Pero si afirmamos a Cristo, el Hijo de Dios y su Palabra encarnada, significa que el cuerpo no es el todo al que hay que entregarse sin reservas, pero tampoco es un mal que hay que soportar y del que hay que liberarse. El nacimiento de Cristo en la carne nos enseña que el cuerpo está dotado de una dignidad tal, que es capaz de acoger en sí a la divinidad. Así comprendemos que el cuerpo no es ni sólo sensación (para gozar, pero también para padecer), ni sólo límite. El cuerpo es presencia y, por tanto, expresión, relación y posibilidad de comunicación. Es presencia comprometida con el aquí y el ahora, que hace accesible una realidad que trasciende el aquí y el ahora, pero que sin la existencia incorporada se quedaría en mera idea, en abstracción desencarnada.
El Dios transcendente, inaccesible y todopoderoso se ha hecho cercano, vulnerable y partícipe de nuestra debilidad. Se ha hecho presente en la carne de Cristo, tomada de María, y ha asumido el riesgo de esa cercanía, que nos permite acercarnos a él, hablar, comunicarnos, recibir su palabra sanadora y salvadora, pero que también hace posible que lo golpeemos e, incluso, lo matemos.
Jesús, el Hijo de Dios hecho carne y sangre como la nuestra ha asumido ese riesgo, porque ha querido que su presencia corporal sea además don y entrega total, hasta la muerte, que es también parte inevitable de nuestra condición corporal.

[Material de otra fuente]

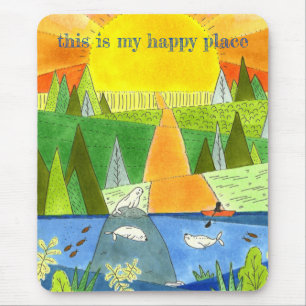 Tapis De Souris L'art du lever du soleil en kayak sur la rivière S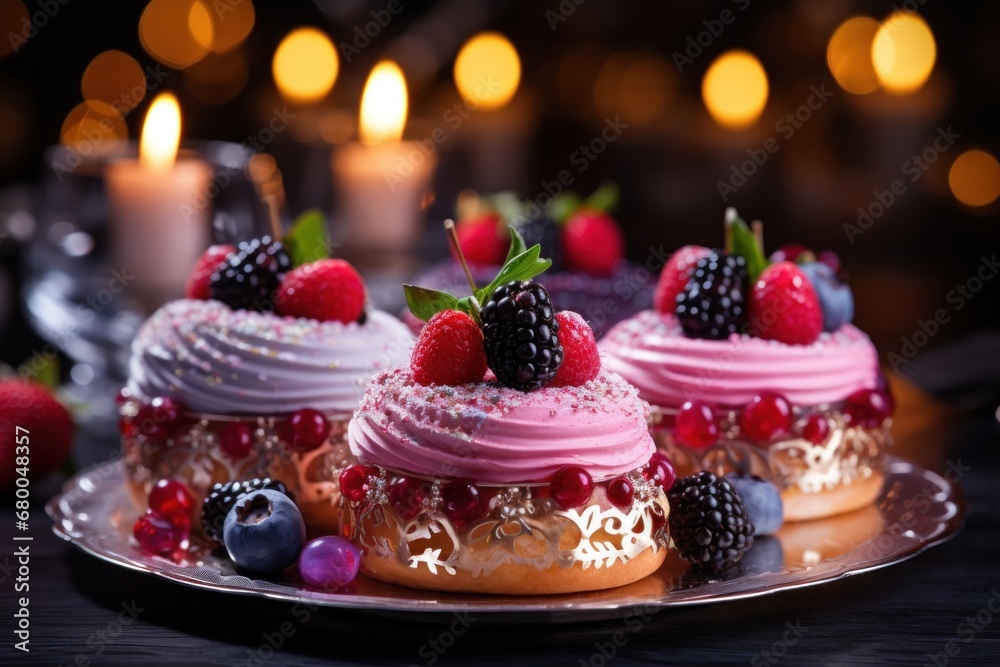 a photo of delectable petit cakes adorned with romantic decorations a photo of delectable petit cakes adorned with romantic decorations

Pero al asumir esta mortalidad corporal, nos ha comunicado la fuerza revitalizadora de su Espíritu, que nos salva de las garras del pecado y de la muerte.
Este domingo B del Corpus et Sanguis Christi las lecturas subrayan precisamente la sangre, como expresión de esa entrega plena que Jesús ha hecho de sí, entregando su cuerpo a la muerte en la cruz. Derramar la sangre es una expresión fuerte que habla precisamente de entrega voluntaria, de una presencia que se derrama en bien de los demás, de un amor perfecto.
Y si el cuerpo es presencia y don, esta presencia y este don del cuerpo y la sangre de Cristo se prolongan a lo largo de la historia y a lo ancho del mundo entero en el misterio de la Eucaristía, memorial de aquella entrega de Jesús en la cruz, pero que no es sólo mero recuerdo, sino actualización que nos pone en contacto real con el misterio de la redención, con el cuerpo entregado y la sangre derramada, y con el cuerpo transfigurado en la Resurrección.
Al comer este pan que es verdadero cuerpo de Cristo, y beber de este cáliz, que contiene la verdadera sangre de Cristo, tenemos que irnos nosotros mismos transformando en presencia de Cristo que vive en nosotros, y viviendo, en consecuencia, como vivió él: entregándonos por amor, dando la vida, estando dispuestos a derramar también nosotros nuestra sangre como testimonio de la fe.